How did Osklen come about?

In the beginning Osklen was a lifestyle brand. Jackets for snowboarding, bikinis, T-shirts for surfers. But then, in the nineties, when I looked at the kind of lifestyle my tribe had, it seemed cool and special, and Okslen began to be more involved with “fashion.” I decided that I had a style, and I only had to channel that style into a fashion language. It was a very gradual evolution.

So what defines your tastes then?

I’m a surfer, I like to snowboard and skateboard. I like to wake up early and go surfing, but I also like to go out late at night. I like art exhibits, but I also like reading skateboarding magazines. I am an environmentalist—not eco-granola, but scientific and informed.

Who are some of your favorite fellow Brazilian designers?

Reinaldo Lourenço and Gloria Coelho. Reinaldo’s work is feminine in the best way and modern. Gloria’s work is very strong. For swimwear, Lenny. Her work has a sophisticated elegance but with a Brazilian feel.

How do you see Brazilian fashion evolving?

I think we’re like Italy was 30 years ago. We’re learning to work with the industrial process and to produce the best quality. We have good self-esteem, we see that we can do something original. The generation before mine would just copy.

What do you think needs to happen in order for Brazil to make a bigger impact globally?

If Japan is technology and France is high style and India is philosophy and spirituality, then Brazil has a chance to be the environmental and socially sustainable country. I’m sure everyone would love to buy products with a Made in Brazil label if they knew that these products were made to be sustainable. It might be more expensive, but I think this is the new luxury. We need to embrace these values.

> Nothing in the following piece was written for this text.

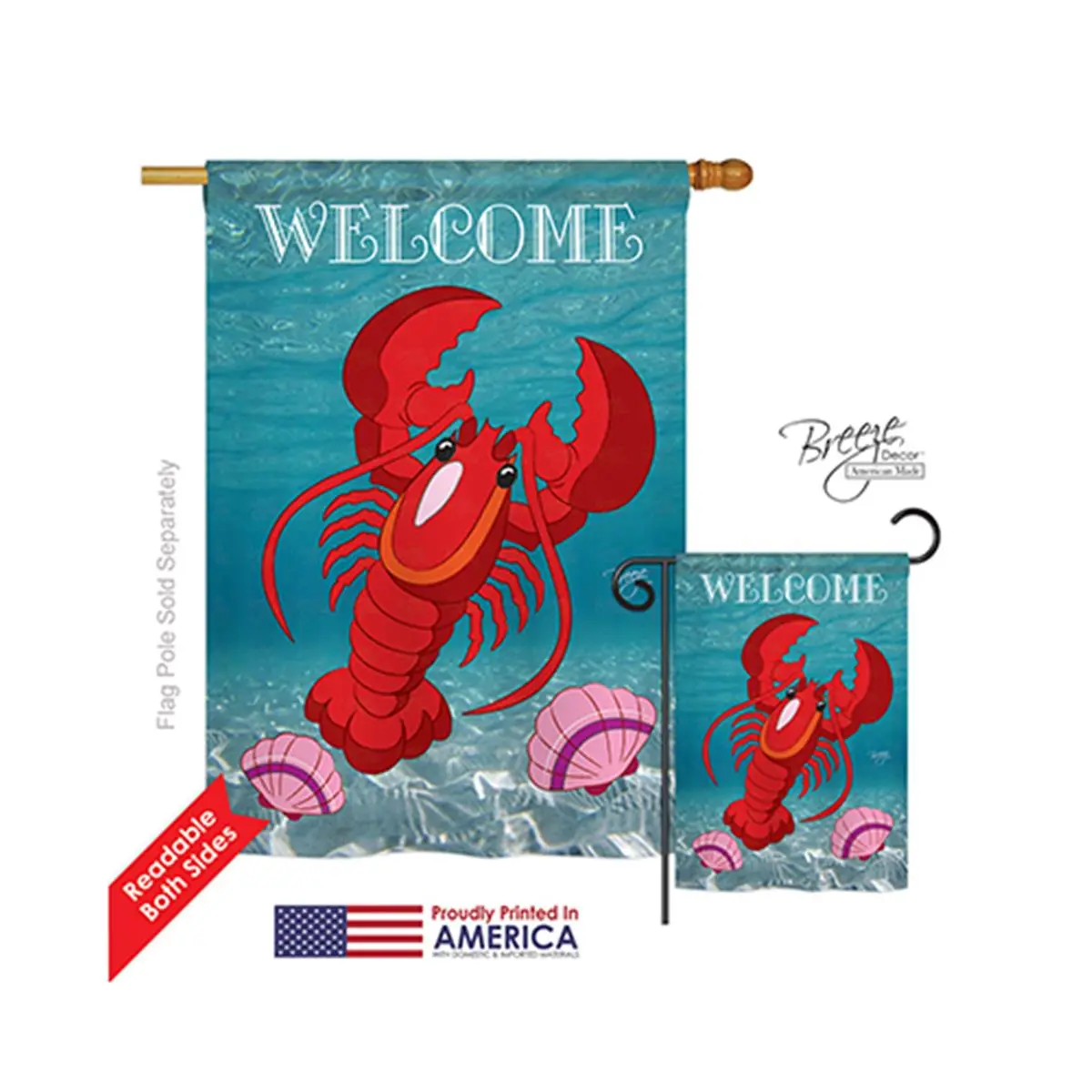 Breeze Decor 07026 Beach & Nautical Lobster 2-Sided Vertical Impression House Flag - 28 x 40 in., Artwork, Original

Do you design with these values in mind?

Yes. It’s funny—in my recent show I used a material that people didn’t like, crocodile, and some people criticized this, saying, “Oh, it’s not sustainable,” etc., but they weren’t informed. If there’s one thing I hate, it’s hypocrisy! There is actually an overabundance of crocodiles in some parts of Brazil , near the Amazon, and they have to control the population because they threaten the ecosystem and the people living close by. These indigenous people sell some of the skins, so purchasing them is actually sustaining these people as well as the environment.